A Bruxelles, on goûte les spécialités locales: la gaufre de Liège, les frites un'fois, le sandwich mitraillette, le pita feta, les chocolats de chez Godiva, une glace au caramel salé dans le quartier flamand chez un type qui propose des parfums incroyables: olive, marrakech... On y mange italien, thaïlandais et aussi japonais.
A Bruxelles on fait des expos. It's Only Rock'n'Roll, au Bozar, où on repère dans l'obscurité les canapés dans le fond de la pièce Brian Eno et on se laisse bercer par la nappe de synthé et les couleurs au fond qui varient doucement presque imperceptiblement.
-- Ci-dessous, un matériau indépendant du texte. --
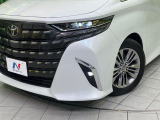 【三眼LEDヘッドライト】スタイリッシュな見た目の三眼LEDヘッドライトを装備♪スタイルだけでなく、夜間の走行も視界良好で安心してお乗りいただけます。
Puis le ticket que vous avez dans les mains vous glisse des doigts, il s'agirait pas de s'endormir. Fisherspooner propose un work in progress d'une chorégraphie projeté sur quatre murs assez amusante. Et c'est tout en gros. Dans un autre registre, plus classique, il y a The Royal British Collection, avec Bruegel, Van Dyck, Rubens...
Puis quand il fait beau à Bruxelles, on prend le train, faire un tour à Bruges, marcher dans les rues, le long de canaux. Croiser du touriste français se plaignant des guides et de leur humour un peu lourd: "de l'humour belge sans doute". Le point de vue est magnifique, en haut du beffroi, du haut de ses trois cents et quelques marches et de ses quatre-vingt huit mètres. La montée et la descente mettent à rude épreuve les petits cuisseaux. On pique un peu du nez sur le chemin du retour.


Un grand merci pour tout à Gérald et à Bruno.